Recorded information
================

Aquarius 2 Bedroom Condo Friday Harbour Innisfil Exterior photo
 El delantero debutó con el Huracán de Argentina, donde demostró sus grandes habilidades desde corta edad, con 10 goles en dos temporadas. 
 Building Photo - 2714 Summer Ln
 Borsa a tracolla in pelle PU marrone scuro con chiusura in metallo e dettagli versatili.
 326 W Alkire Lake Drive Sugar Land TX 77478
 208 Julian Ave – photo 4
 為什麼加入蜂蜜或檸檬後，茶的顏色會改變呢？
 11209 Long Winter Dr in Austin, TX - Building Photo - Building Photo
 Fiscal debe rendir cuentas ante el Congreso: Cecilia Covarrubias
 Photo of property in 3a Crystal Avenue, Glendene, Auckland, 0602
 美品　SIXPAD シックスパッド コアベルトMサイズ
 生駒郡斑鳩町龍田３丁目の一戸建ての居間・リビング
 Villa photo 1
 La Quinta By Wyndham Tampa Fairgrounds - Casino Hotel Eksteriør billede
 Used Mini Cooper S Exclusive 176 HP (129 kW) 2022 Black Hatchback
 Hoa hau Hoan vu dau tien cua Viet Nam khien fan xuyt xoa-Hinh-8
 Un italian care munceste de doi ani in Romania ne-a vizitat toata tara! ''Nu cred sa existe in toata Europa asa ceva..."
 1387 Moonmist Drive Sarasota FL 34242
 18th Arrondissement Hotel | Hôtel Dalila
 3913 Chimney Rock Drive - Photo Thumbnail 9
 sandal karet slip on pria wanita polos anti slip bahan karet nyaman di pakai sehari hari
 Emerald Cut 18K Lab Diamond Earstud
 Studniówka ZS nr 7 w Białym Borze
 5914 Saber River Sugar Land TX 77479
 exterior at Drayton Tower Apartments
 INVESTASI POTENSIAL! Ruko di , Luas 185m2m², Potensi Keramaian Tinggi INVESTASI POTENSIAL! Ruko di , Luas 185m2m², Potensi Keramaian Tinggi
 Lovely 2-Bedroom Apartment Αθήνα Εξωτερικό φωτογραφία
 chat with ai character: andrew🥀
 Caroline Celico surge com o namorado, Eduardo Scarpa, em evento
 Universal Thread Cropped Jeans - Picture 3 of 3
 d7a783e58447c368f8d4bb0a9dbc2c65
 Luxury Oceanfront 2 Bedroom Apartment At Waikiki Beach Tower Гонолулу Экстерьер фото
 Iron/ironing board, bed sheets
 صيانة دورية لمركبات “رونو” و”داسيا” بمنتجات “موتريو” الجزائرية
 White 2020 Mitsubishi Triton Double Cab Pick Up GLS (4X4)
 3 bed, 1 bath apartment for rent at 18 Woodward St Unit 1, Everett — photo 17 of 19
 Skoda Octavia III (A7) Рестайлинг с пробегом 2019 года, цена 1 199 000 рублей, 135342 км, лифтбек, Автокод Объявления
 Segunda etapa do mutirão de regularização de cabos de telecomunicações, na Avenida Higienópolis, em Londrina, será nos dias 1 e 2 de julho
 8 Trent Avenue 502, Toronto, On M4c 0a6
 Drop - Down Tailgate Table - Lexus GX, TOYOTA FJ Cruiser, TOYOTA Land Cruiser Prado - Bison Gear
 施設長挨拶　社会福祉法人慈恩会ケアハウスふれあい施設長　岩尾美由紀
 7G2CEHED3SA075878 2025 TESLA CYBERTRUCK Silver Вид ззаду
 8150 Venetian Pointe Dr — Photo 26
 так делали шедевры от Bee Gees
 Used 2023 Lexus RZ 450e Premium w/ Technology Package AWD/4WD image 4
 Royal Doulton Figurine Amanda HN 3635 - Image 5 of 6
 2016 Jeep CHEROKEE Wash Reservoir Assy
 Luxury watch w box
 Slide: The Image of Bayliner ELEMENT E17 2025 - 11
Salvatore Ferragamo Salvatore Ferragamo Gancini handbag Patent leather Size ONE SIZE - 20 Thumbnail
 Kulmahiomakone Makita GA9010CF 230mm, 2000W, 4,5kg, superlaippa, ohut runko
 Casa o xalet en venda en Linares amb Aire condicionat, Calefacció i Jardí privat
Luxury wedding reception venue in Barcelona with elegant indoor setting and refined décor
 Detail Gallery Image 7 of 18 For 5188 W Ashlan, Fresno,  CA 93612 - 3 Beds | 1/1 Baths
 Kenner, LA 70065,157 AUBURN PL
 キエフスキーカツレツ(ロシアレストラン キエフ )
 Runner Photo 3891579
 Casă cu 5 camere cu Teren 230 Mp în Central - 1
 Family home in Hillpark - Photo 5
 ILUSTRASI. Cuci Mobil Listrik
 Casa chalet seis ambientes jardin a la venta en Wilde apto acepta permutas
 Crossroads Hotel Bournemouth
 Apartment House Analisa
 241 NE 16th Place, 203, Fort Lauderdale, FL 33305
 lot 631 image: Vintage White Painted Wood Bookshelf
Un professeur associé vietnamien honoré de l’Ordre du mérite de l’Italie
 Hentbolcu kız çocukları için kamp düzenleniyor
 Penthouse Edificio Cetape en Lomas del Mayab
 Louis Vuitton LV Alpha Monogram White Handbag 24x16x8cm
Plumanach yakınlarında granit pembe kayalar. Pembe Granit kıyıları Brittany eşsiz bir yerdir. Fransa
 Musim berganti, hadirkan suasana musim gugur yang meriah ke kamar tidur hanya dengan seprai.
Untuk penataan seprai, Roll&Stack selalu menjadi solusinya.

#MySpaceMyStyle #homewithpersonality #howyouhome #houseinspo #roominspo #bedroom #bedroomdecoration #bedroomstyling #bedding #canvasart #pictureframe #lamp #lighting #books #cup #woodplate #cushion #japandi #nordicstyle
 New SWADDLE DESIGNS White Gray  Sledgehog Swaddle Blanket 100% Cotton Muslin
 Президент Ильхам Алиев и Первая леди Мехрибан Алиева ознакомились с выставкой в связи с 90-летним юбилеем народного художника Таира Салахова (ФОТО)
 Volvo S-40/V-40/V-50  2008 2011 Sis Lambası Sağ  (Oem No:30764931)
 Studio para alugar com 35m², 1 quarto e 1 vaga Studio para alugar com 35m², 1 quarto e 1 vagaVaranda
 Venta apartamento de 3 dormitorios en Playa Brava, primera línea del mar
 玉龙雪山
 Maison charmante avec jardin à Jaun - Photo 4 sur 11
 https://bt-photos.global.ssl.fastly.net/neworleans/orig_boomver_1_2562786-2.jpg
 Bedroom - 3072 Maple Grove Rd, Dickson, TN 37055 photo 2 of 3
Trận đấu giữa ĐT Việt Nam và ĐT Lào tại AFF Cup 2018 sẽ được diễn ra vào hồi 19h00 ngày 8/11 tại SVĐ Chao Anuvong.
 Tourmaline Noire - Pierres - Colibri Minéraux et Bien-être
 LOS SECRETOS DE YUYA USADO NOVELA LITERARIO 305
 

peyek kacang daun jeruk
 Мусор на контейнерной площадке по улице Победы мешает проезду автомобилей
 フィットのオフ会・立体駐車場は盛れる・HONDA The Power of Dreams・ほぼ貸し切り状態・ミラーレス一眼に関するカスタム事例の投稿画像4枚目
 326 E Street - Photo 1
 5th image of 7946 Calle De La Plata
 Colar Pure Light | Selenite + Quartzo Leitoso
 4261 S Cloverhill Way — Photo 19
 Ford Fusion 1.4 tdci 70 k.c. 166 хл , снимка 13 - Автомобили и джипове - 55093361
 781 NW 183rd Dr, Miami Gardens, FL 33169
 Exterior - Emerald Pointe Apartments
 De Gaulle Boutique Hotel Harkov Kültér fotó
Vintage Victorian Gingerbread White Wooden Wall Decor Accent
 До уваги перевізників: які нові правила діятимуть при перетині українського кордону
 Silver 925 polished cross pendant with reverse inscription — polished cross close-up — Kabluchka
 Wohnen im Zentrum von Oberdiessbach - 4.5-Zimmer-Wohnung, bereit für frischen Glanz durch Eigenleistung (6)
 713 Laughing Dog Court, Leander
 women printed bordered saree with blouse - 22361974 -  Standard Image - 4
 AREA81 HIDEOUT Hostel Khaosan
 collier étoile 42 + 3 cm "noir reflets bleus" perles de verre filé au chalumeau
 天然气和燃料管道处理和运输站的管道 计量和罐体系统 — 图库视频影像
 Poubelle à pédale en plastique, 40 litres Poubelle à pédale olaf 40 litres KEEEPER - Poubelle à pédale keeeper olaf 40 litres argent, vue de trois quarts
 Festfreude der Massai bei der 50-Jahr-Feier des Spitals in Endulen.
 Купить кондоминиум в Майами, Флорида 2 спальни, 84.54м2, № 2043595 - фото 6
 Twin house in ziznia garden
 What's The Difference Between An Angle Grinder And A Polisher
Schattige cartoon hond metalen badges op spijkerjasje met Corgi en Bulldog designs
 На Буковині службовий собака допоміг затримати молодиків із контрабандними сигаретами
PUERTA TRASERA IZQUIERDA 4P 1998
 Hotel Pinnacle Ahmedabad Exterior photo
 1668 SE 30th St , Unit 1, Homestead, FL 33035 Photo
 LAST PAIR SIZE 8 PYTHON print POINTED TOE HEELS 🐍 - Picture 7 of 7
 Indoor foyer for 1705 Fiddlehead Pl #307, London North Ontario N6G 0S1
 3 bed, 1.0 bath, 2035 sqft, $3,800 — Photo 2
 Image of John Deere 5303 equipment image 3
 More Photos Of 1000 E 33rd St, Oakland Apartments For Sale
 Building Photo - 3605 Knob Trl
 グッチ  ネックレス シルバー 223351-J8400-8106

================

As the answer, set down only the lines from the data above between the one holding "Skoda Octavia III" and the one holding "施設長挨拶　社会福祉法人慈恩会ケアハウスふれあい施設長　岩尾美由紀", inclusive, exactly as they read.

Exercise result
 Skoda Octavia III (A7) Рестайлинг с пробегом 2019 года, цена 1 199 000 рублей, 135342 км, лифтбек, Автокод Объявления
 Segunda etapa do mutirão de regularização de cabos de telecomunicações, na Avenida Higienópolis, em Londrina, será nos dias 1 e 2 de julho
 8 Trent Avenue 502, Toronto, On M4c 0a6
 Drop - Down Tailgate Table - Lexus GX, TOYOTA FJ Cruiser, TOYOTA Land Cruiser Prado - Bison Gear
 施設長挨拶　社会福祉法人慈恩会ケアハウスふれあい施設長　岩尾美由紀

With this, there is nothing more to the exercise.